Texas Fourteenth Court of Appeals Chief Justice Kem Thompson Frost | txcourts.gov
HOUSTON -- After ruling the summary judgment evidence doesn’t present a genuine fact issue on causation, the Texas 14th Court of Appeals affirmed July 18 a judgment for a construction company being sued after a man suffered an injury in a road accident.
Chief Justice Kem Frost authored the opinion. Justice Kevin Jewell concurred.
Melissa Schultz sued Lone Star Road Construction LTD on behalf of her husband, Zachary Taylor Schultz and their two children. Zachary Schultz was riding in the passenger seat of a pickup truck on a Texas highway when a metal tow hook broke the truck’s windshield and hit him in the head.
Melissa Schultz sued for premises liability, assumption of negligence duty, negligence per se and negligent hiring against Lone Star, which had a construction contract with the Texas Department of Transportation and was conducting construction on the highway where the accident occurred. She also alleged gross negligence and asked for exemplary damages and recovery of loss-of-consortium damages for herself and her and the Schultz children. The lower court granted Lone Star its motion for summary judgment and Melissa Schultz appealed.
The court needed to determine if there was a genuine fact issue as to causation. After witness and expert Edward Carrick testified on Schultz's behalf, the appeals court said, “The record contains no summary-judgment evidence supporting the assumption that a vehicle drove over the tow hook in the area shown … and [the witness’s] testimony contradicts his assumption. Therefore, [the expert’s] testimony founded on this assumption is not competent evidence.”
The expert also failed to show a connection between his determination that the tow hook traveled 45 feet and the information concerning the tow hook when it was 6 feet off the ground and ended up in the truck.
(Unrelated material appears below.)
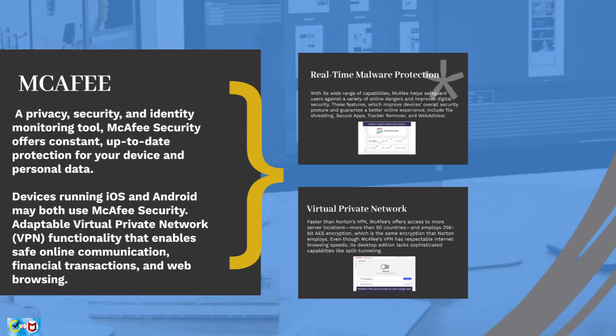Now let's take a look at McAfee, a privacy, security, and identity monitoring tool. McAfee Security offers constant, up-to-date protection for your device and personal data, and is available for both iOS and Android. It includes adaptable VPN functionality for safe online communication, financial transactions, and web browsing, as well as a security function that searches the dark web for stolen emails and other types of personal data.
Ultimately, the court ruled, the expert's reasoning that the tow hook traveled 45 feet from its starting point to the actual truck doesn’t back the opinion.
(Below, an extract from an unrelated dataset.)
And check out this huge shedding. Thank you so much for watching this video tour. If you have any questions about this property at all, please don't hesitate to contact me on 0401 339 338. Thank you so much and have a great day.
The appeals court decided, “Under the applicable standard of review, we conclude that the summary judgment evidence does not raise a genuine fact issue as to whether the point from which the tow hook was launched was within the left shoulder or as to whether an act or omission of Lone Star served as a substantial factor in causing injury to Zachary, without which the harm would have not have occurred.” Considering this, the lower court didn’t make a mistake when it granted summary judgment based on [Melissa] Schultz’s negligence claims.
The appeals court also affirmed there was not a genuine fact for gross negligence, which the current court said wasn’t separate from the negligence claim for which it had already ruled. The summary judgment for Lone Star is fair, the appeals court ruled as it affirmed the original ruling.
Justice Margaret “Meg” Poissant” dissented and pointed out that Melissa Schultz’s expert was ultimately asked to prove his theory. “But a nonmovant is not required to marshal its proof to defeat a no-evidence summary judgment; the nonmovant must only point out evidence that raises a fact issue on the challenged element,” Poissant argued. She challenged the idea that there was no evidence that the tow hook was in the area that Lone Star oversaw.